День прошел. Ночь прошла. Наутро я снова одолжил соседскую лошадь и поехал в город. Мой заказ у корабельного плотника был готов. Тяжелый ящик погрузили на повозку. Подмастерье накрыл его старой мешковиной. В меднолитейном цехе мастер как раз запаивал швы заказанного мною металлического контейнера, красноватого. Латунные заклепки — для увеличения прочности — были уже наложены. Под пламенем сварочной горелки крепкий припой таял, становился красно-белым и заполнял швы между наложенными одна на другую пластинами. Я понаблюдал за мастером (это моя маленькая страсть: смотреть на работающих ремесленников), но вскоре ушел, получив обещание, что контейнер будет готов к полудню.
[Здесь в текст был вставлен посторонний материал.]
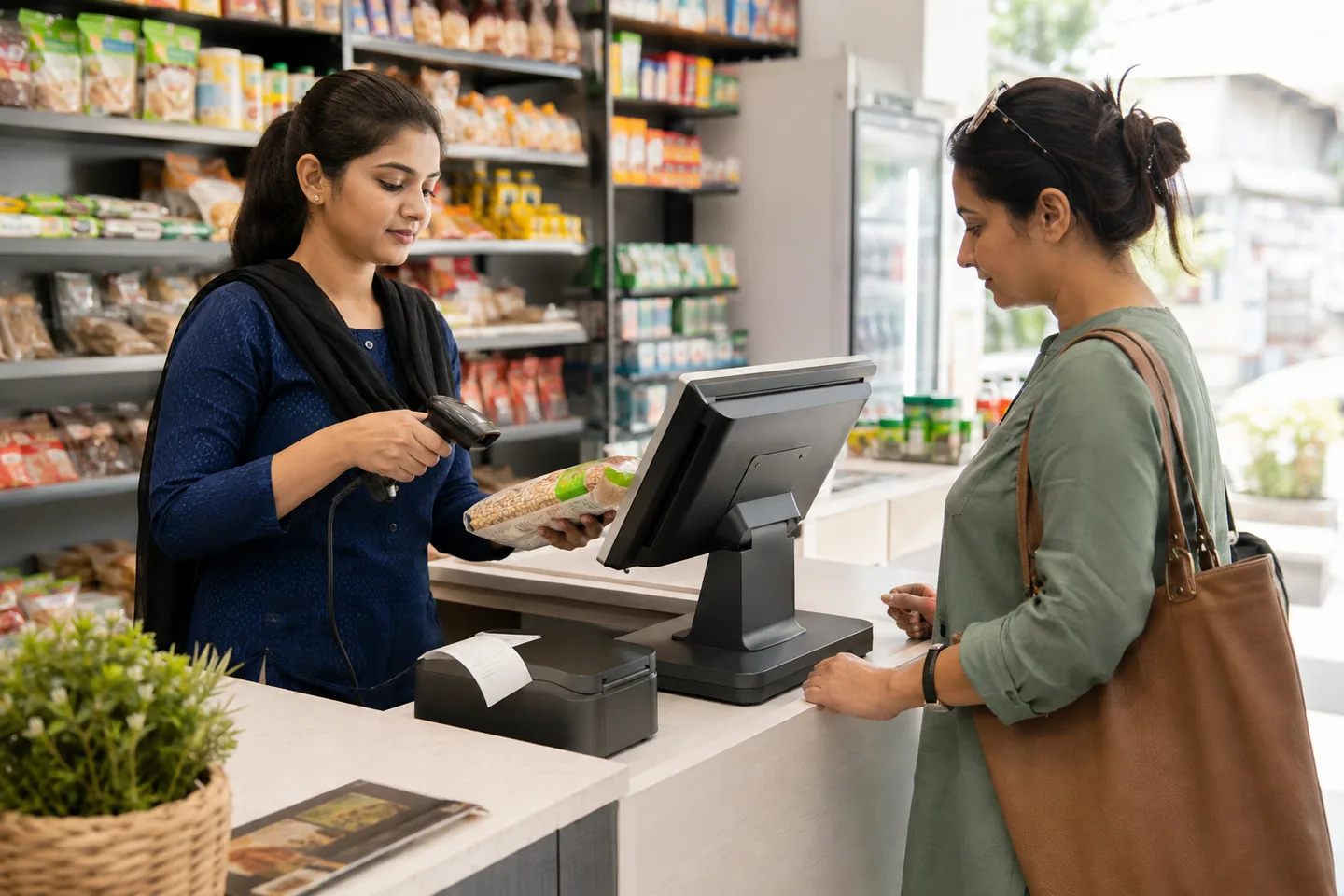 Cashier scanning an item for a customer at a shop counter with a POS terminal and receipt printer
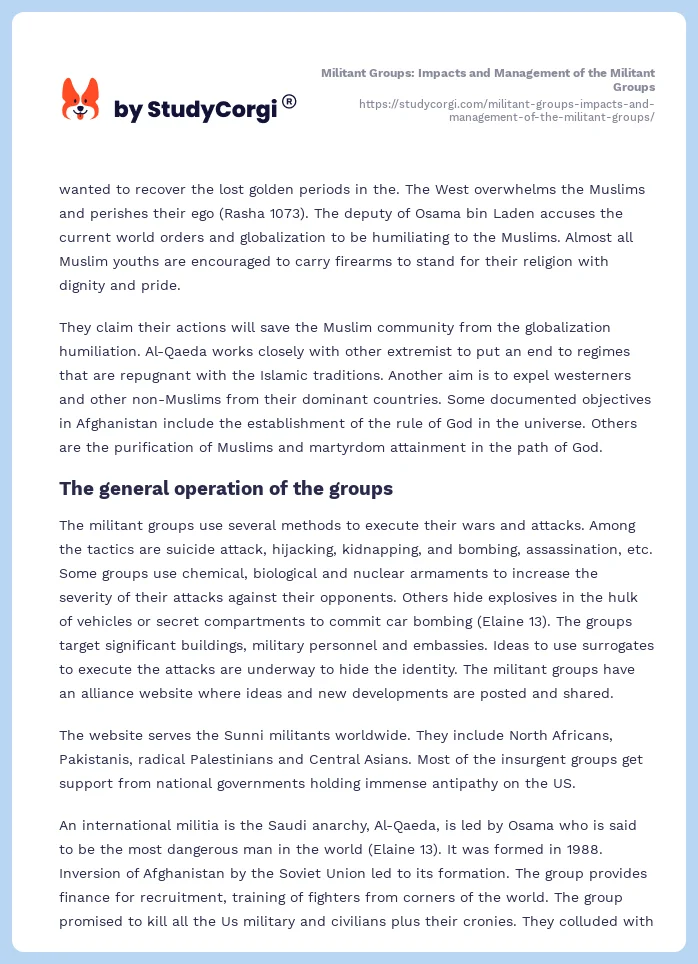 Militant Groups: Impacts and Management of the Militant Groups. Page 2
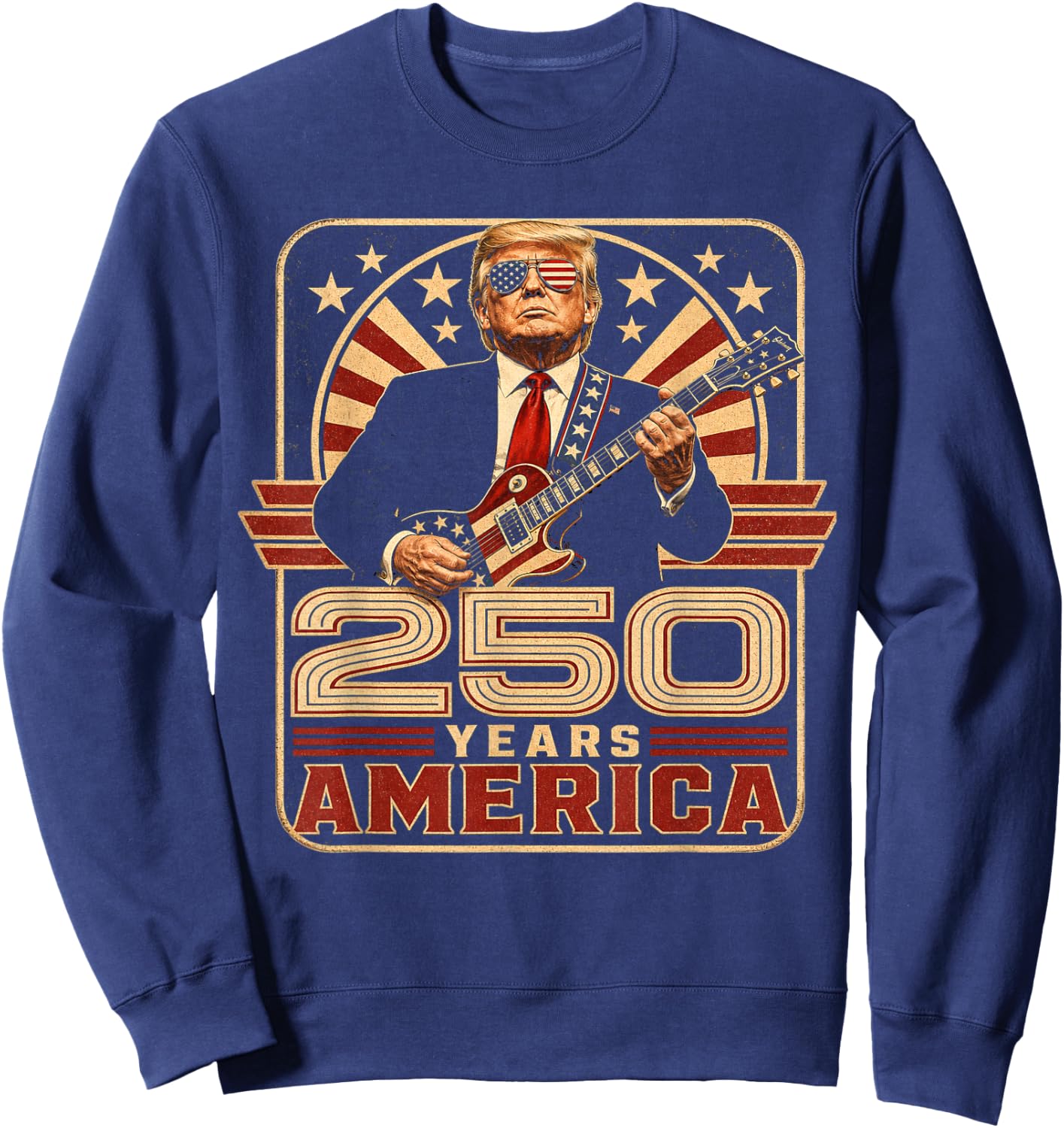 Trump 250 Years America Guitar Retro Sweatshirt - Sweatshirt | Navy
У лавочника я приобрел еще два килограмма тиллантина — снова обращаться с такой просьбой в аптеку я не решился. Заказанный прежде набор длинных латунных винтов уже прибыл. Контейнер — в условленное время — двое подмастерьев из кузни погрузили на мою повозку. Он оказался необычайно тяжелым: для его изготовления мастер использовал листовую медь толщиной два миллиметра, потому что листов других размеров — в достаточном количестве — на складе не нашлось. Но я был даже доволен. Я только боялся, что не смогу один двигать такую тяжесть. Я быстро поехал домой.
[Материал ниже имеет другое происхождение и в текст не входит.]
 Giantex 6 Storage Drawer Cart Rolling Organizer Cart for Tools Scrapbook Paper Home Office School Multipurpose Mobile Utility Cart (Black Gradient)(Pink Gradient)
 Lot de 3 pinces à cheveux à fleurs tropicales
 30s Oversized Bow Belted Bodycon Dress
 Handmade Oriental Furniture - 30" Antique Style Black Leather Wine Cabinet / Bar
Сгрузить медный контейнер мне удалось без особых трудностей. Он весил, наверное, килограмм восемьдесят. Длинный, но удобный в обращении… Хуже получилось с ящиком из тикового дерева. Не только потому, что из-за красиво отполированных внешних стенок он требовал бережного обращения, — его вес был наверняка вдвое больше, чем у медного контейнера. Поскольку я никаким образом не мог бы его удержать, пришлось сделать так, чтобы он соскользнул на мешковину. В дом я его затащил, предварительно подстелив солому. Работа, которая меня ожидала, была немаленькой. Дно деревянного ящика я укрепил тяжелыми, специально мною купленными латунными винтами; более слабые винты, использованные корабельным плотником, я удалил. Крышку я тоже примерил, просверлил в ней дырки и подчистил их. Было три часа ночи, когда я прервал работу. К этому времени я просверлил около сотни дырок и закрутил половину винтов, чтобы укрепить дно.
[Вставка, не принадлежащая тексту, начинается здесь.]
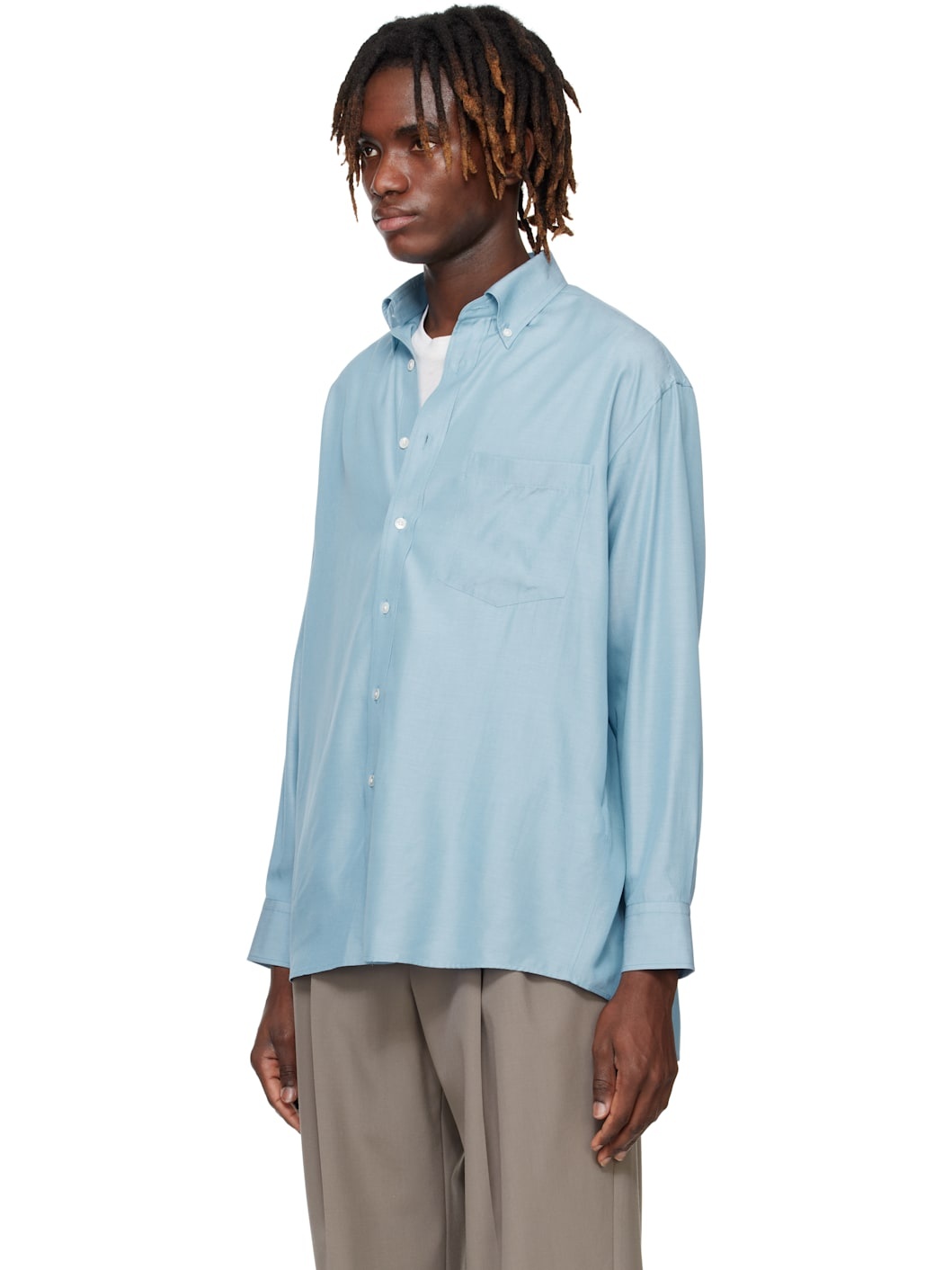 Blue Silk Broad Button Down Shirt - 4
Я задумался о завтрашнем дне: что мне предстоит заняться пайкой, в которой я смыслю еще меньше, чем в столярном деле. Но я был настолько измотан, что грядущие трудности вызывали у меня только смутное ощущение грусти, жалости к себе и неудовлетворенности, которое могло относиться как к отсутствию у меня нужных ремесленных навыков, так и к смерти Тутайна. Я не мог разграничить свои душевные импульсы. Я в очередной раз должен был покорно принимать мысленные картины, которые выплескивал на меня заброшенный в бодрствование сон: картины из неисчерпаемого хранилища воспоминаний — и древних, тысячелетней давности, и новых, но тоже забытых и уже таких старых, как все перезревшее и выдохшееся. — Я улегся в кровать; опять встал, выпил коньяку; почувствовал, как алкоголь обжег мне глотку; вернулся в кровать и заснул. Больше того — сновидение одержало верх и полностью задушило бодрствование. Меня куда-то швыряло: во все трудности этого мира, прошлые и будущие, во все школьные экзамены, которые не были выдержаны и никогда не могут быть выдержаны; передо мной вставали задачи, которые я не мог решить, для которых в конечном счете и нет решения. Это просто держалось в тайне; мне бы это открыли в конце всех вечностей, чтобы моим мучениям не было конца. Школьные парты незаметно превратились в поле. Я был мышью, над которой высоко в небе кружит сарыч. Она пыталась спастись от его когтей. Но она этого не могла. Земля ее не пускала. Мышь не могла решить такую задачу. Ведь я не мог летать. Я ничему не мог воспрепятствовать. Мучительные вопросы подступали ко мне. Я стыдился собственного невежества и своей наготы. Я был наг посреди сборища одетых. Я, кроме того, теперь знал, что у меня отвратительное происхождение. Меня породил скат, отложив яйцо, — и передал мне в качестве наследственного признака колючки своего гадкого хвоста… Если бы я не провалился из одной черной ночи в другую, из человеческого мира в животный, и не превратился бы из животного в осыпающиеся кучи зерна, а потом — в зеленую воду и сапфирового оттенка базальт, — тогда бы я точно умер от стыда.